Le même mécanisme s'observe sur terre : la neige renvoie une partie du rayonnement solaire ; quand elle fond plus tôt ou couvre moins de surface, le sol sombre absorbe plus de chaleur. En mars 2025, la couverture neigeuse européenne était inférieure d'environ 1,3 million de kilomètres carrés à la moyenne 1991-2020, soit une baisse de 31 % – l'équivalent de la France, l'Italie, l'Allemagne, la Suisse et l'Autriche réunies.
Des disparités régionales marquées
Ce recul ne touche pas toutes les régions de la même manière. Le réchauffement récent est particulièrement rapide dans l'est et le sud-est de l'Europe ainsi que dans certaines zones alpines, où Copernicus observe des hausses de 0,5 °C à 1 °C par décennie sur les trente dernières années. À l'inverse, l'Europe occidentale et certaines zones subarctiques de Scandinavie progressent plus lentement, entre 0,2 °C et 0,5 °C.

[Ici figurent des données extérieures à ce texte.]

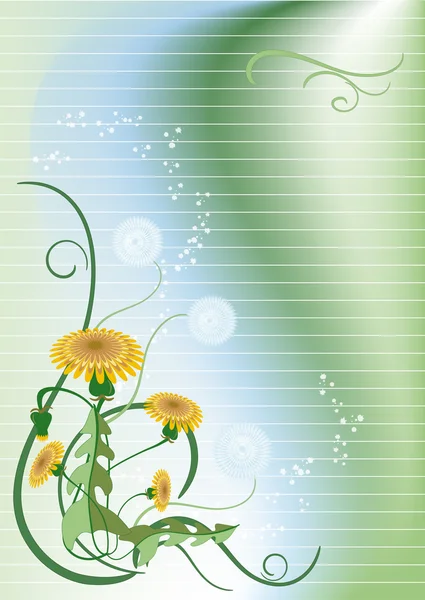 Banner with dandelion. Background. — Stock Vector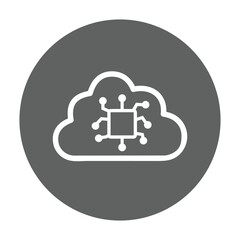 Cloud, connection, connectivity icon. Gray vector sketch.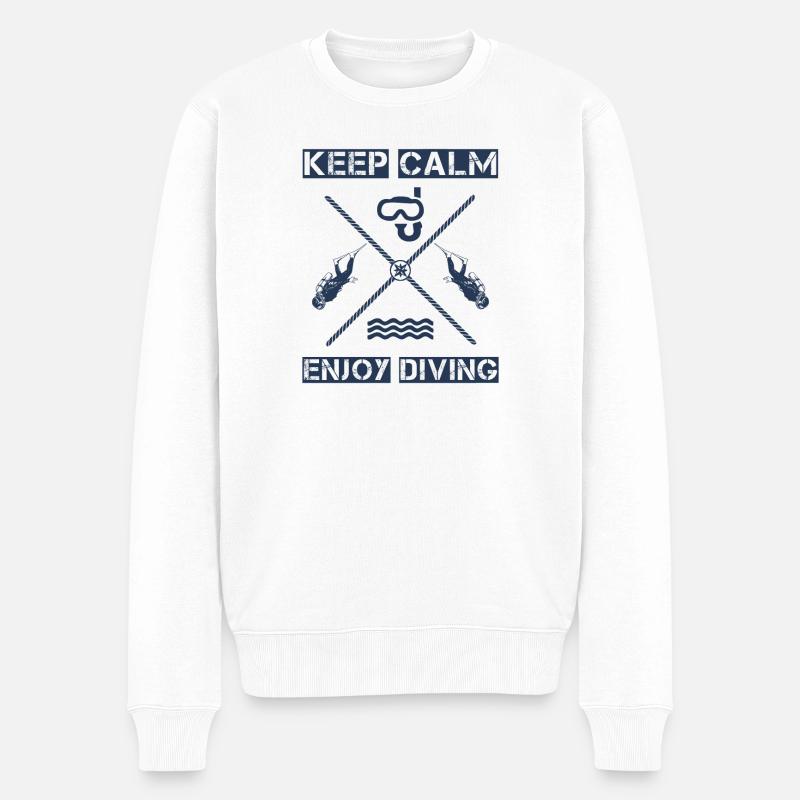 Keep Calm - Enjoy Diving - Männer Premium Bio Pullover - Weiß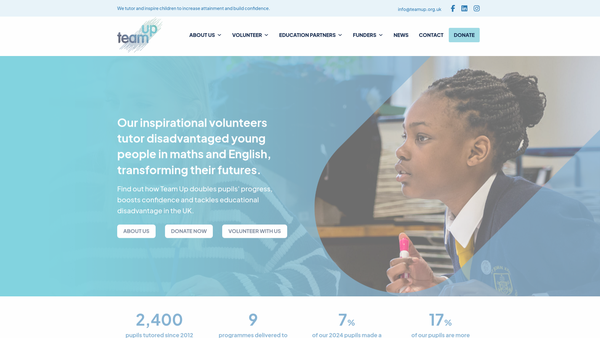 Screenshot of the Team Up For Social Mobility Limited website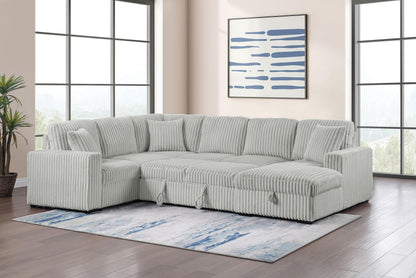 Devonshire Sleeper Sectional Sofa Storage Chaise Grey - 501208
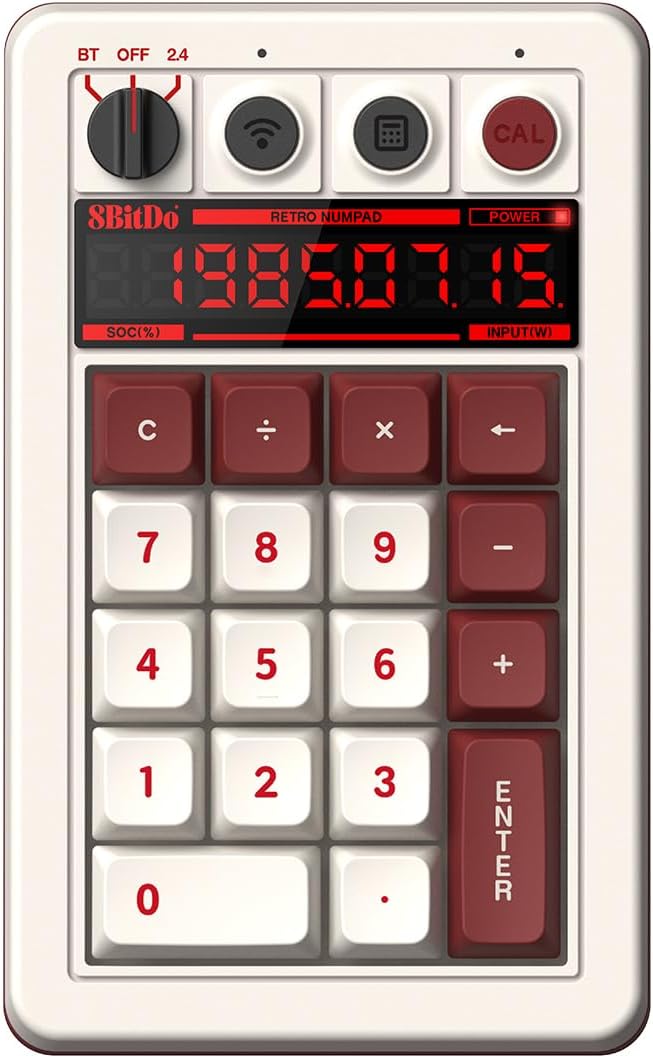 8BITDO RETRO 18 MECHANICAL NUMPAD, SUPPORTS CALCULATOR MODE, BLUETOOTH/2.4G/WIRED NUMPAD FOR WINDOWS AND ANDROID - FAMI - 1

La pollution réduite, un effet refroidissant en moins
Le troisième facteur est la réduction de la pollution atmosphérique depuis les années 1980. Les aérosols issus des activités humaines réfléchissaient une partie du rayonnement solaire directement ou en favorisant la formation de nuages. En les réduisant, l'Europe a diminué cet effet refroidissant. L'air plus propre ne crée pas le réchauffement, mais il révèle davantage celui provoqué par l'accumulation de CO2 et d'autres gaz à effet de serre.
La circulation atmosphérique en question
Enfin, la circulation atmosphérique joue un rôle. Les chercheurs observent depuis plusieurs décennies davantage de configurations de haute pression capables de maintenir l'air chaud sur le continent et d'assécher les sols. Le jet-stream, ce courant de vents rapides qui influence la météo européenne, semble se diviser plus souvent en deux branches au-dessus de l'Europe. Entre les deux, les vents peuvent faiblir et laisser s'installer des conditions chaudes durables. Lors de la canicule de 2003, qui a fait jusqu'à 70 000 décès en Europe, cette configuration de "double jet" a persisté pendant 29 jours.
Le rôle exact du réchauffement climatique dans ces changements de circulation reste discuté. Les scientifiques constatent des évolutions statistiquement significatives sur plusieurs décennies, mais ne savent pas encore attribuer précisément le poids de chaque facteur. La proximité de l'Arctique semble compter davantage en automne et en hiver ; les modifications de circulation atmosphérique pèsent davantage en été ; la neige et la baisse de la pollution interviennent surtout pendant la saison froide.
Ce qui ne fait plus débat, c'est le résultat : une Europe plus chaude connaît des canicules plus intenses, davantage de sécheresses et d'incendies, mais aussi des pluies extrêmes et des inondations renforcées par une atmosphère plus chaude. Le continent cumule plusieurs caractéristiques locales sur un réchauffement global, une addition banale dans son principe, mais lourde de conséquences.